At an earlier event on Saturday, where he sought to undermine confidence in election integrity well before the 2024 election, he urged supporters in Ankeny, a predominantly white suburb of Des Moines, to rally next year in Detroit, Philadelphia , to take a closer look at the election results. and Atlanta, three cities with large black populations on the move, say he lost in 2020.

“You should go to some of these places, and we should keep an eye on those votes as they come in,” Trump said. “When they’re, you know, being pushed around in wheelbarrows and dumped on the ground and everyone’s like, ‘What’s going on?’

“We are like a third world country,” he added.
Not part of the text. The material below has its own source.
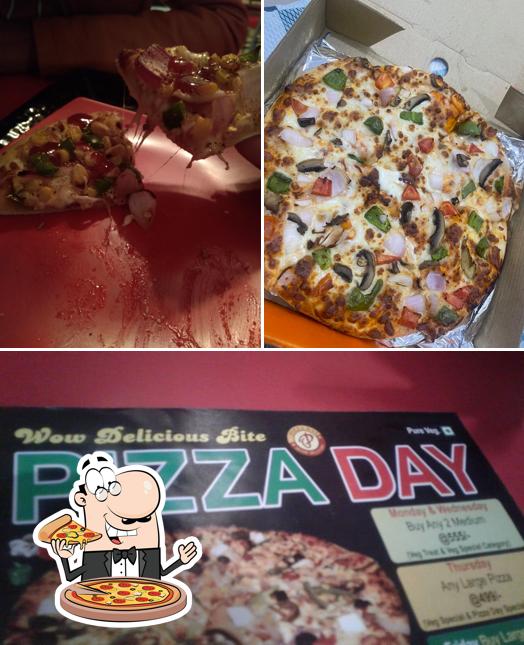 Try out pizza at Pizza day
Trump’s speeches on Saturday reflected how sharply he is focused on the general election rather than the Republican primaries, in which he has a commanding lead.

With just over six weeks to go until the Iowa caucus, Trump dismissed his Republican rivals, mocking them for polling far behind him and denouncing Florida Gov. Ron DeSantis as disloyal for deciding to run against him.

He also attacked Iowa’s Republican governor, Kim Reynolds, for supporting Mr. DeSantis and suggesting her popularity had fallen after she rejected Mr. Trump.

“You know, we had a problem with your governor,” Mr. Trump said, prompting a chorus of boos.

Ann Hinga Klein contributed reporting from Ankeny, Iowa, and Maggie Haberman From New York.